If you’ve already run once, reload results without recomputing to continue with the next sections:

```python
tracked = tracker.reload_results()
```

You can also restrict tracking to a subset of frames, or skip frames (useful for slower processes or faster processing).

```python
tracker = mitotnt.NetworkTracker(skel, frame_interval=3.3,
                                 start_frame=10, end_frame=30,
                                 tracking_interval=2)
```
---

## 5. Visualize in ChimeraX

MitoTNT can produce ready-to-load visualization scripts for **UCSF ChimeraX**:

```python
viz = mitotnt.Visualizer(tracked)
viz.generate_chimerax_skeleton()  # skeleton structure
viz.generate_tracking_arrows()  # tracking arrows
viz.visualize_tracking()  # build full .cxc script
```

This creates a script:

```
mitotnt/visualization/visualize_tracking.cxc
```

Open it in ChimeraX to interactively explore:

* **Raw fluorescence cloud** rendered for context.
* **Network skeletons** across time.
* **Tracking arrows** showing mitochondrial network movement.
---

## 6. Analyze remodeling and motility

Once tracking is complete, MitoTNT can quantify key mitochondrial behaviors:

```python
# Detect network remodeling (fusion & fission events)
tracked.detect_fusion_fission()

# Compute motility at three levels:
# node (voxel), segment (linear branch), fragment (connected component)
tracked.compute_mitochondria_diffusivity() 
```

Each analysis writes a CSV file:

* `remodeling_events.csv` → list of detected fusions/fissions.
* `node_diffusivity.csv`, `segment_diffusivity.csv`, `fragment_diffusivity.csv` → quantitative mobility measures.

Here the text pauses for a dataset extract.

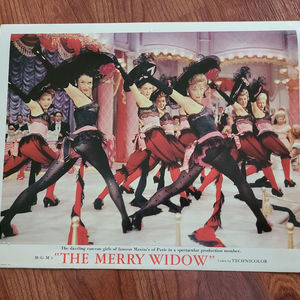 The Merry Widow - General Lobby Cards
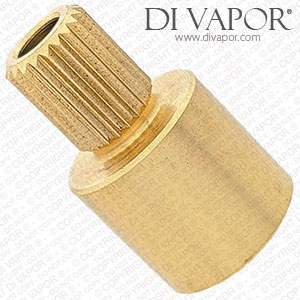 12mm Cartridge Spline Spindle Extender Adapter - 24 Spline (9.6mm) to 20 Spline (7.6mm)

These files can be imported for downstream analyses and plotting.

---


## Summary

1. Organize your movie into per-frame 3D stacks.
2. Run MitoGraph via `MitoSegmenter` to obtain skeletons.
3. Extract graphs with `SkeletonizedMito`.
4. Track fragments across frames using `NetworkTracker`.
5. Visualize skeletons and dynamics in ChimeraX with `Visualizer`.
6. Analyze remodeling events and motility with `TrackedMito`.